The present work does not lack in its observation, but it is so noticeably different in character to The Cripples that it is initially difficult to associate it with the larger painting. Whilst Lowry's usual practice was to date his paintings at completion, the simplicity of this painting has much in common with other depictions of two or three figures from the later 1940s, and thus whilst both paintings are dated 1949 (we see from the letters to Carr that the large painting was well underway in September 1948), we must consider it to be a study for the equivalent grouping in The Cripples. However, whilst the pose and positioning of the two figures is identical in both paintings, the connection between the figures is clearly different. Here, the men are clearly young, indeed almost boyish. Their dress suggests they are down on their luck, but there seems to be something in their interaction that hints at a mutual assistance through these bad times. There is a tenderness and sympathy in how Lowry presents them that immediately feels genuine. The same might be harder to argue for the pair in the Salford painting. Made much older by the artist, there is a cantankerous quality here at the fore, old men grumbling at their lot. Within the context of the larger composition, they have become caricatures, amusing 'types', their vulnerability somehow lost. As one moves across the many figures of The Cripples, only two characters do not seem to be subject to the mockery that is hinted at elsewhere.
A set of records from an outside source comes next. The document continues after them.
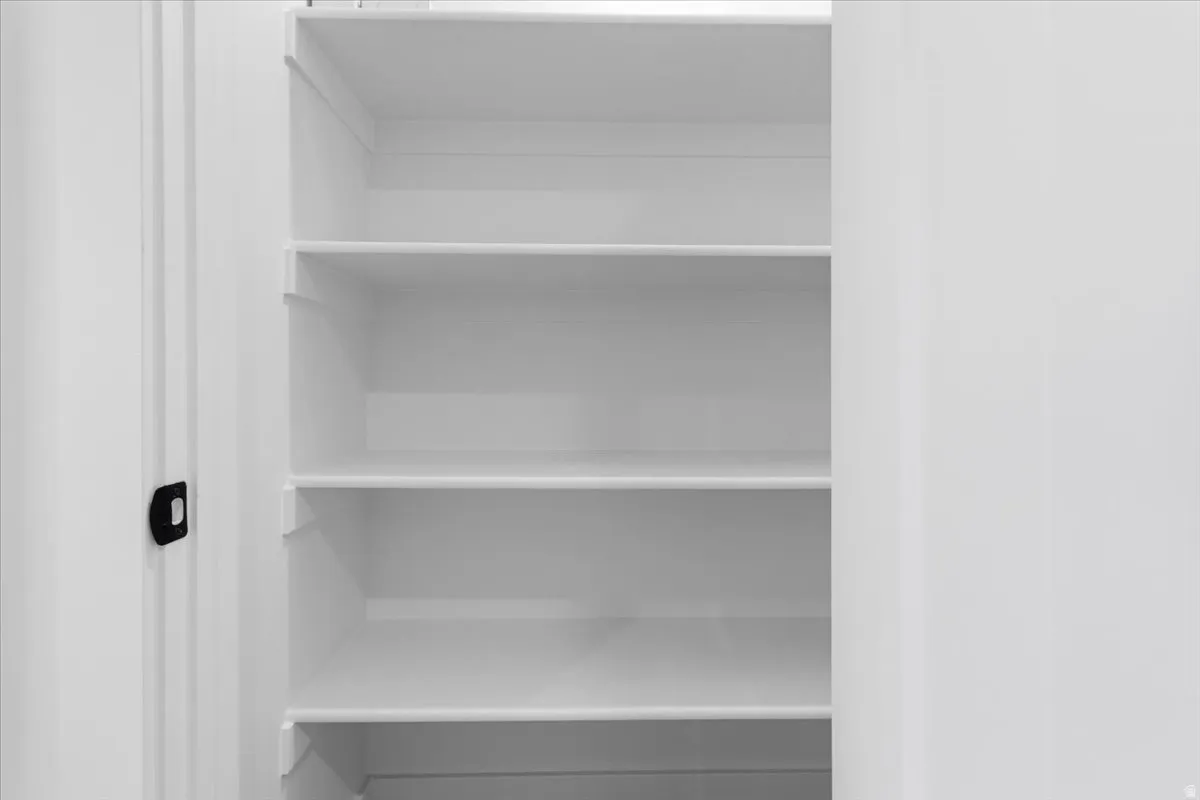 Built-in closet with five white shelves and a black door pull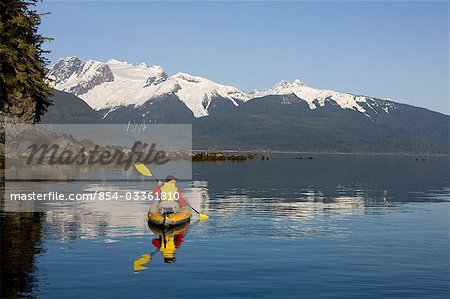 Kayaker paddles the shoreline on a calm afternoon in Lynn Canal just outside Berners Bay in Alaska's Tongass Forest, Inside Passage.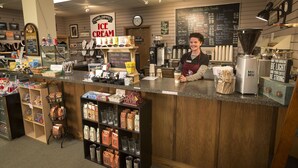 A coffee shop counter with a variety of coffee beans, a coffee machine, and a menu board. - Lambuth Inn at Lake Junaluska (Lake Junaluska)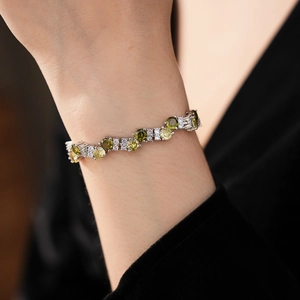 Close-up of zircon tennis bracelet with green and white round-cut stones on wrist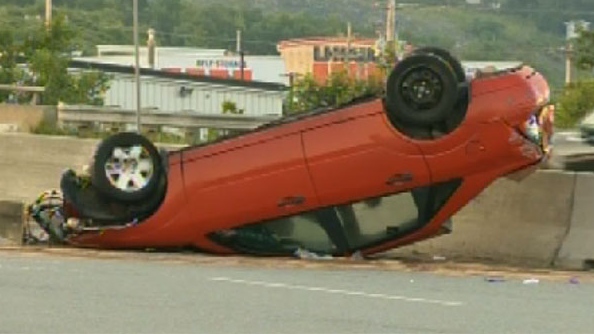 Police say two people were sent to hospital after the driver lost control of this vehicle as he approached the MacKay Bridge toll around 5 a.m. Wednesday. The car then flipped and slid 200 metres on its roof, before striking the median. 
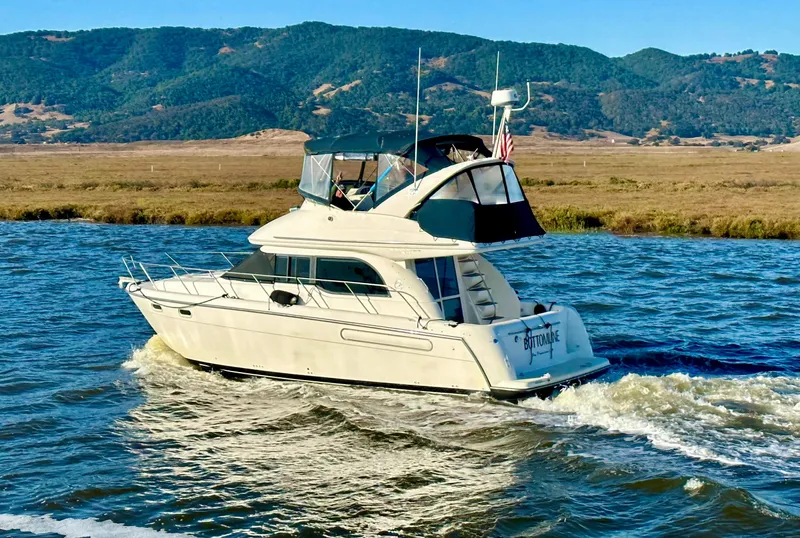 Slide: The Image of 2002 Bayliner 3488 Command Bridge cruising on a scenic river with hills in the background. - 4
Both look directly at us, the figure propelling himself on a wheeled skate (Andras Kalman recalled the familiar character in Manchester who was the source for this figure) and the central man, who, apparently barely held up by his crutches, stares out at the viewer. It is possible to see in this figure characteristics that via paintings such as Head of a Man, 1938 (The Lꦛowry, Salford), which has strong self-portrait elements, clearly suggest that the artist is presenting himself as perhaps the chief amongst cripples, someone surpassing the caricatures around him.